WHAT IS BEING ASKED — Reproduce without any pictures the lines from the one that contains "Led Remote Control" through the end of the records, exactly as written.

##### EXTRACTED INFORMATION #####

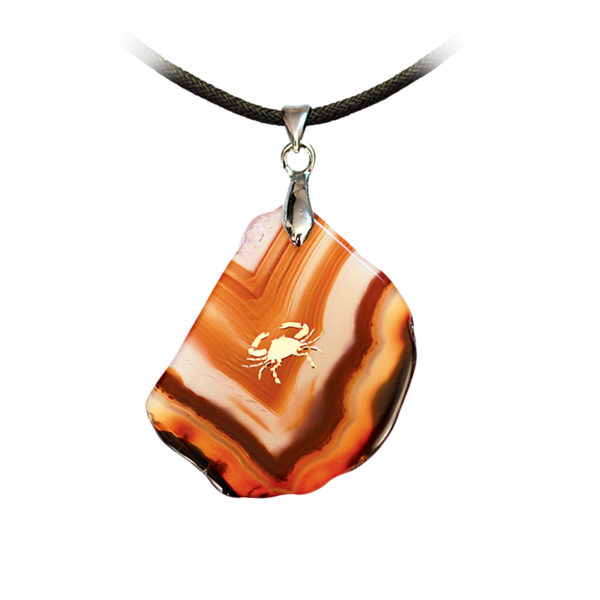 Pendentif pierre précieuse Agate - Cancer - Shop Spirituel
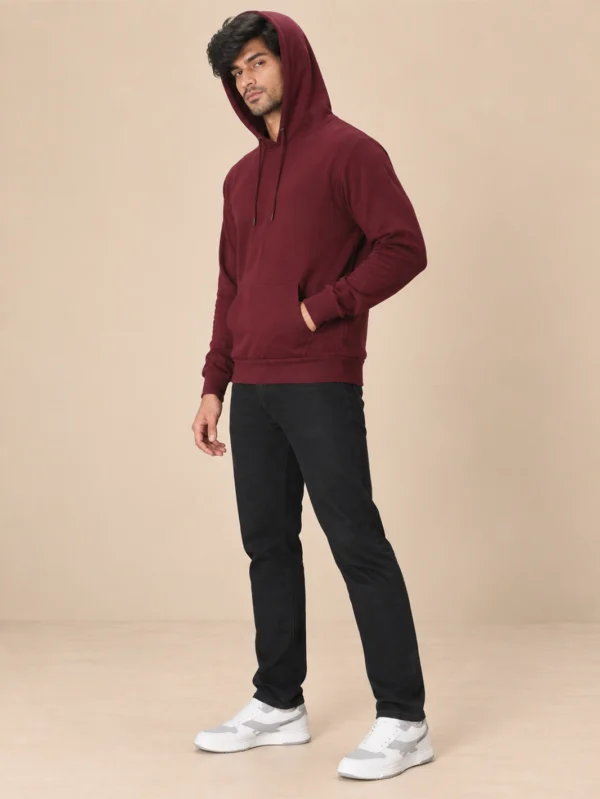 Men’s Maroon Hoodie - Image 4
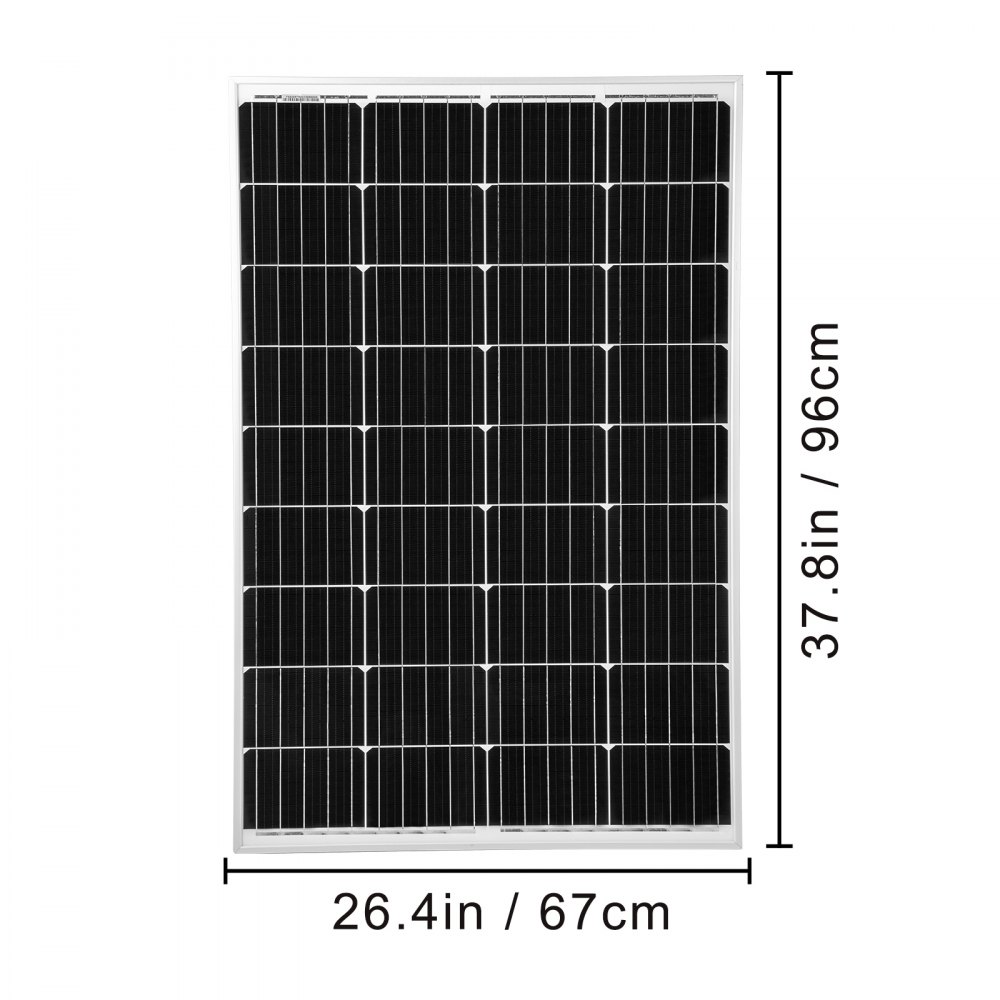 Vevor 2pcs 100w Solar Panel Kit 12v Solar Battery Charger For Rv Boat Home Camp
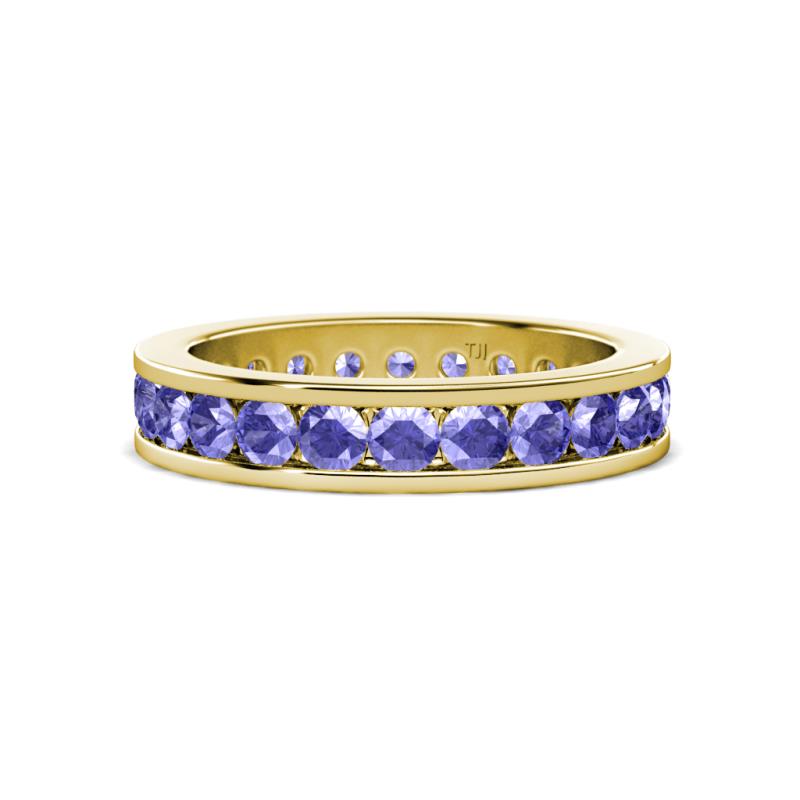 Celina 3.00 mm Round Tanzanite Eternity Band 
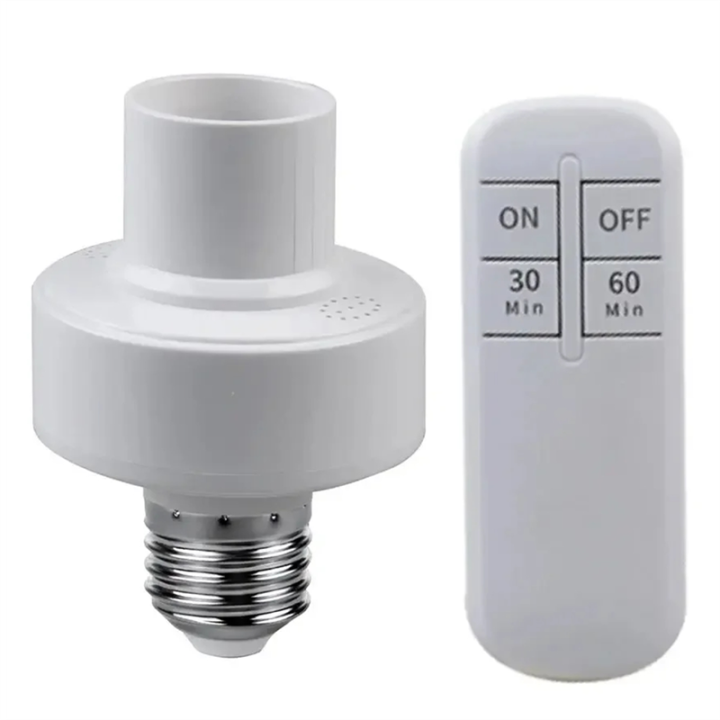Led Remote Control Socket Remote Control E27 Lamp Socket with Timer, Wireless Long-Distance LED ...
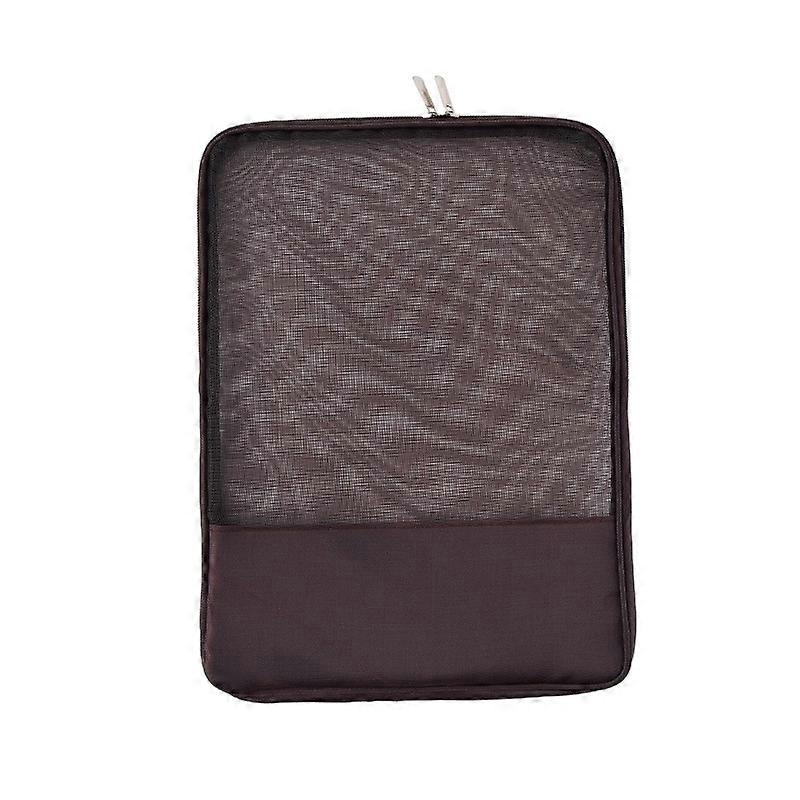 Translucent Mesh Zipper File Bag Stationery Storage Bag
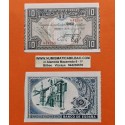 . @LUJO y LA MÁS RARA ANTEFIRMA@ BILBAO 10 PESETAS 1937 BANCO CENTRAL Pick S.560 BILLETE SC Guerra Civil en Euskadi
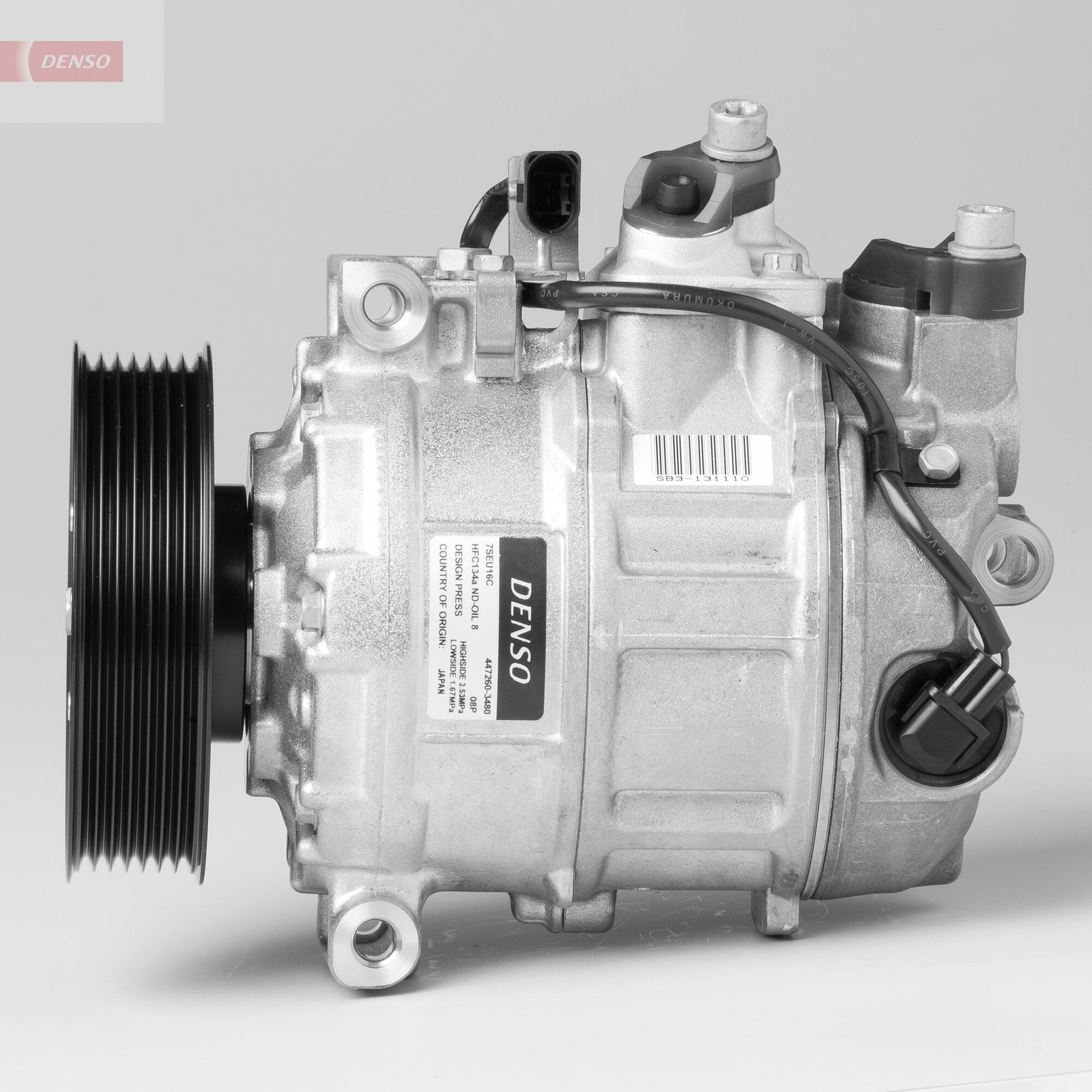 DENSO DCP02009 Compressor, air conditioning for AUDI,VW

#####

SOLUTION —
Led Remote Control Socket Remote Control E27 Lamp Socket with Timer, Wireless Long-Distance LED ...
 Translucent Mesh Zipper File Bag Stationery Storage Bag
 . @LUJO y LA MÁS RARA ANTEFIRMA@ BILBAO 10 PESETAS 1937 BANCO CENTRAL Pick S.560 BILLETE SC Guerra Civil en Euskadi
 DENSO DCP02009 Compressor, air conditioning for AUDI,VW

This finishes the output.